Com a criação dos Juizados Especiais, o procedimento é que a vítima deva fazer um boletim de ocorrência e enviar para a Justiça. Conforme a magistrada, o maior problema é que não houve qualificação do Judiciário para esses casos: entre o registro e o encaminhamento da ocorrência, são normalmente três meses, informa. "Nesse tempo, o agressor pode persuadir a companheira a desistir da queixa". No momento da audiência, pondera, ela tem a possibilidade de encontrar, desacompanhada de um Advogado, um Juiz que não tem noção do que é a agressão familiar.

Além de reprovar o modo como o julgamento ocorrerá, a magistrada também discorda plenamente da punição que será aplicada, caso o agressor seja condenado. Avalia que substituir lesão corporal e psicológica por doação de cestas básicas é "uma afronta aos Direitos Humanos". Suas maiores expectativas estão relacionadas ao novo projeto de lei, que passou pela última comissão e tem grande chance de ser aprovado ainda neste ano.

 

O novo projeto

As principais propostas consistem na criação de juizados especializados de atendimento multidisciplinar, a serem compostos por Juízes, Promotores e Defensores com capacitação especial para os casos. A parte ofendida necessariamente terá a companhia de um defensor. Para desistir da queixa, ela tem a obrigação de participar de outra audiência especial, existindo a possibilidade de negação do Juiz, a depender da motivação.
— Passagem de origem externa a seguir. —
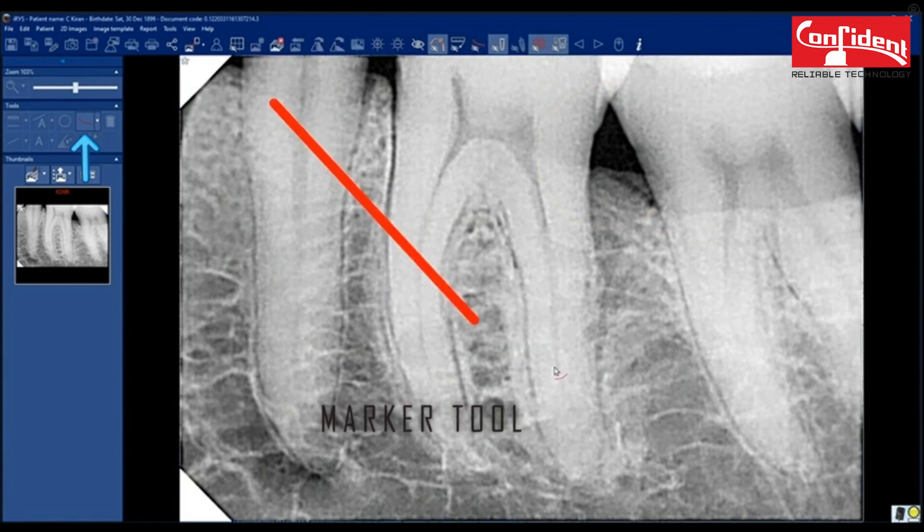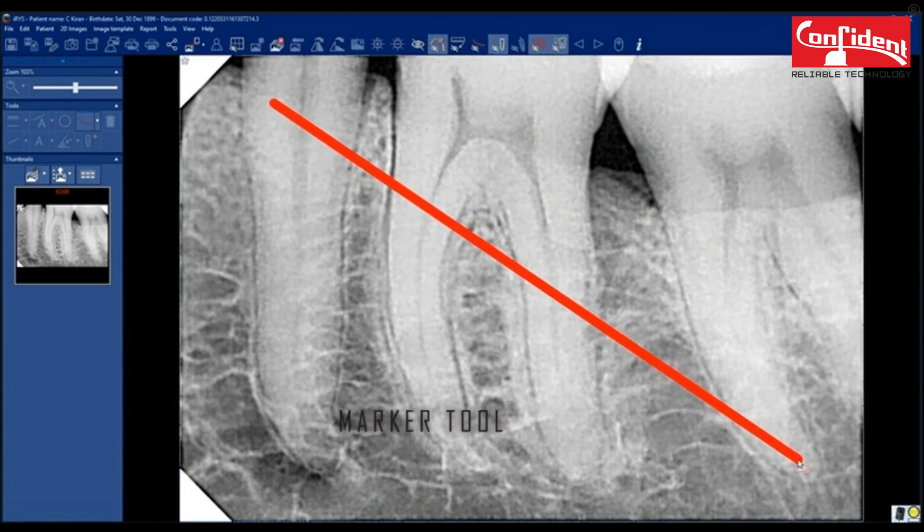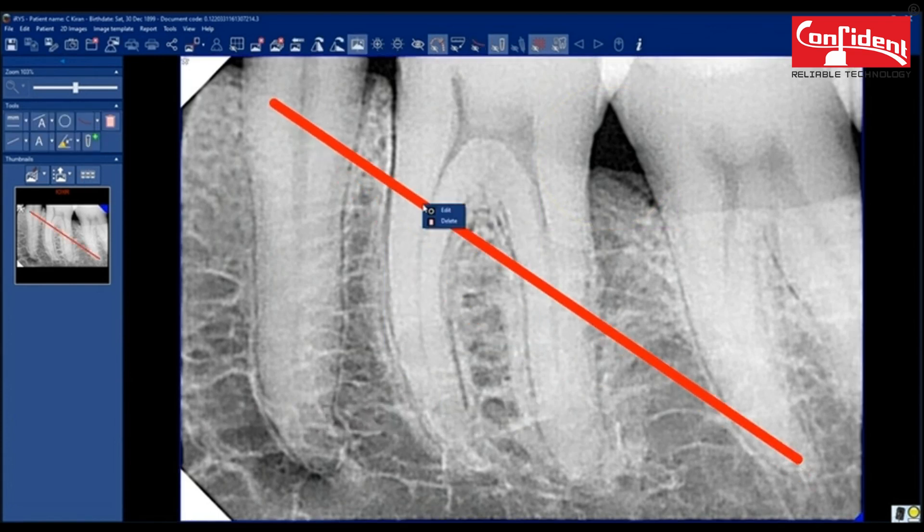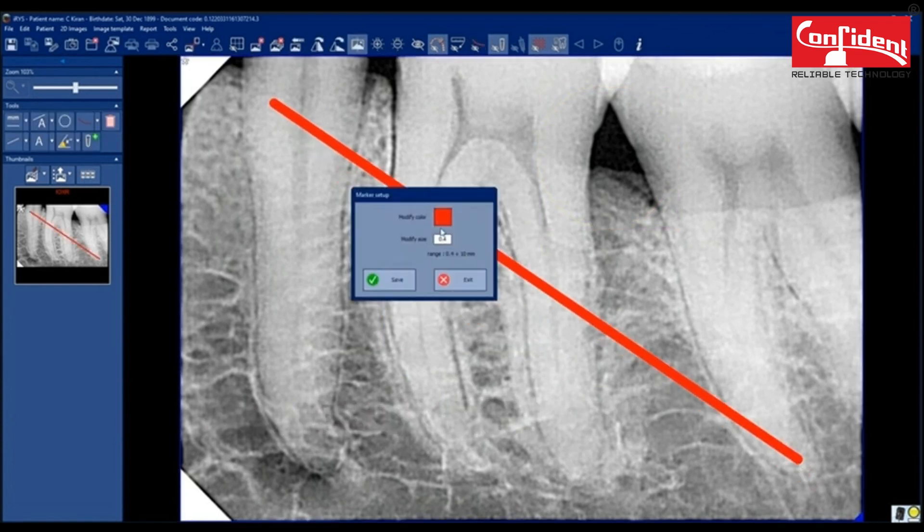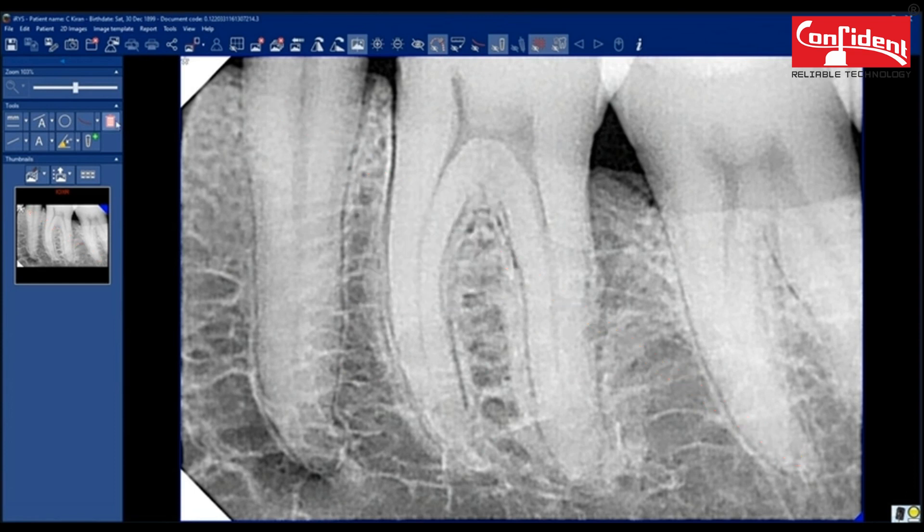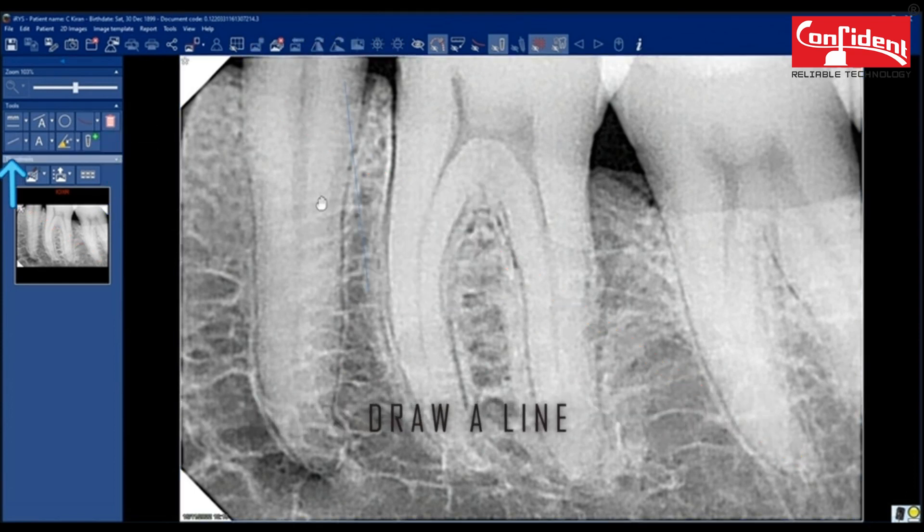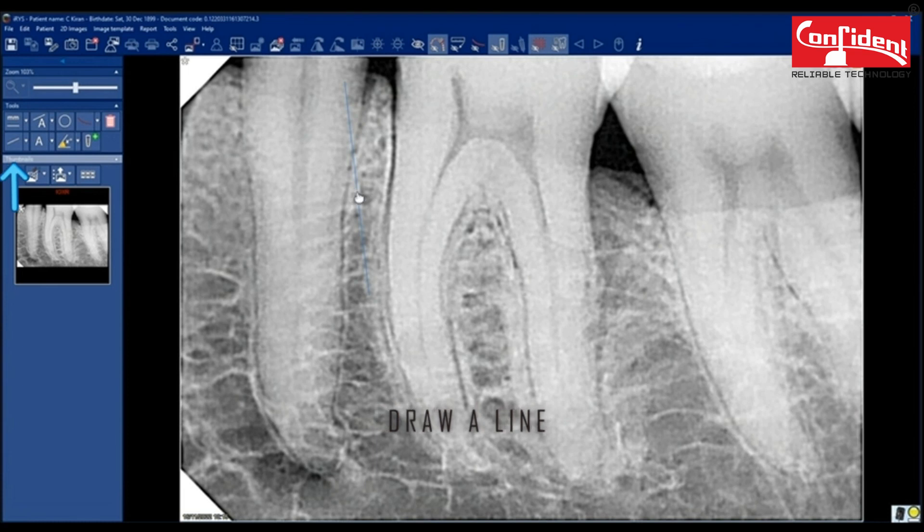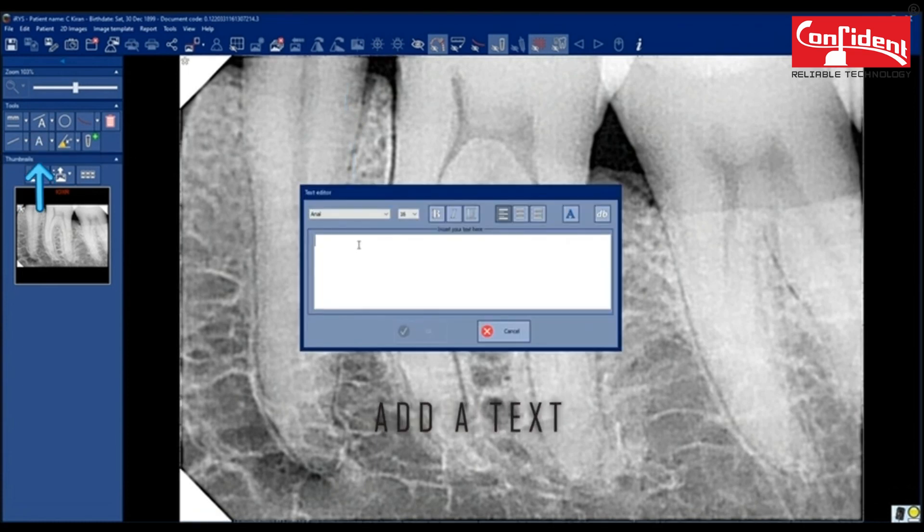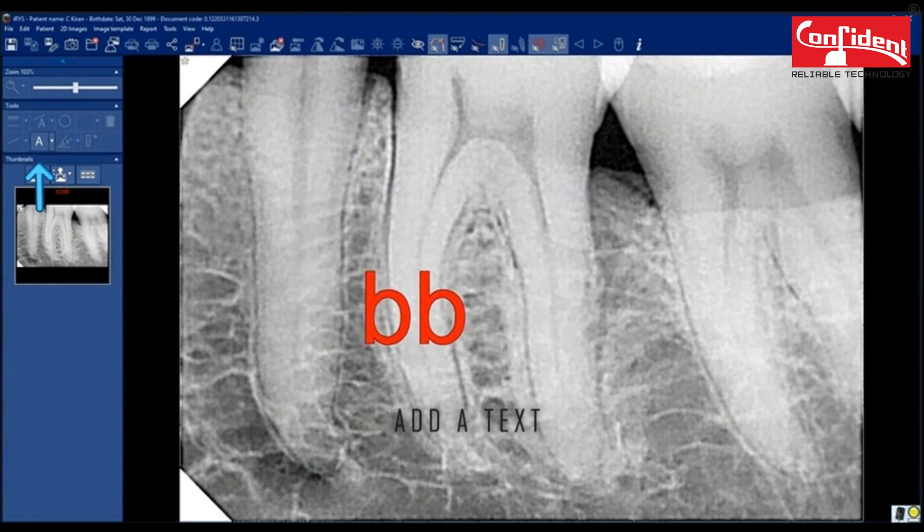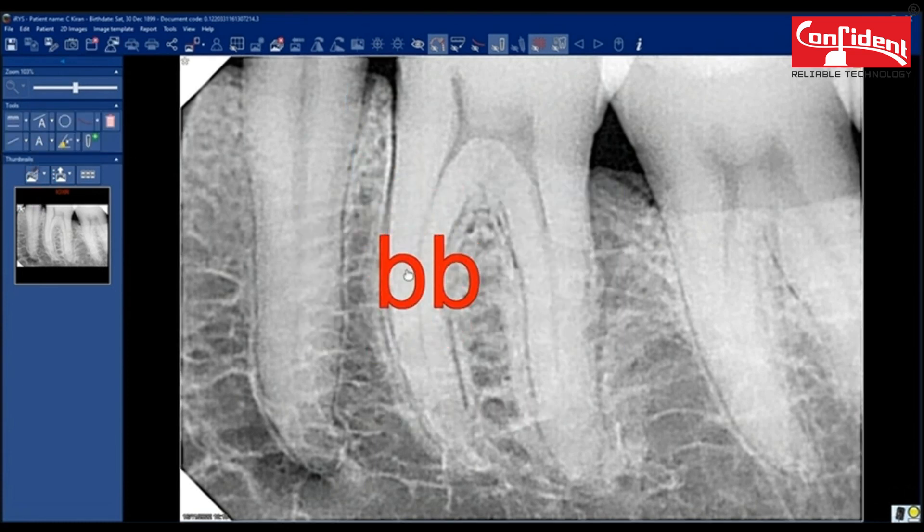Use a marker tool to mark anywhere in the image. Edit the color and thickness of the marker. Delete all the selected changes. Draw a line using this tool. Add a text and place it anywhere in the image.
A Desembargadora realça que a aprovação devolve a função da Delegacia da Mulher e inverte o ônus da prova.

"A mulher não irá precisar mais provar que foi agredida, caberá ao homem provar que não agrediu", afirma. Alterações nas penalidades também estão em pauta, proibindo penas de multas ou cestas bá-sicas e possibilitando imposição de acompanhamento psicológico e de reeduca-ção.

 

Papel do Estado

No entendimento da magistrada, o Estado tem a necessidade rever o antigo conceito de família, o de ambiente de fraternidade e proteção, e a Justiça não deve parar na porta da casa. "Nem todos os atos de violência deixam marcas, os mais graves são justamente aqueles de ordem psicológica, os quais a mulher não tem como provar através de um exame de corpo de delito", declara. Para concluir, diz acreditar que no momento que esses atos de perversão forem realmente reconhecidos como crimes, incentivará os indivíduos a pensarem mais sobre seus direitos e assim criar uma sociedade mais igualitária. 

 

Fonte: Diário da Justiça do Rio Grande do Sul, Porto Alegre - RS, 10 de janeiro de 2006, p. 1.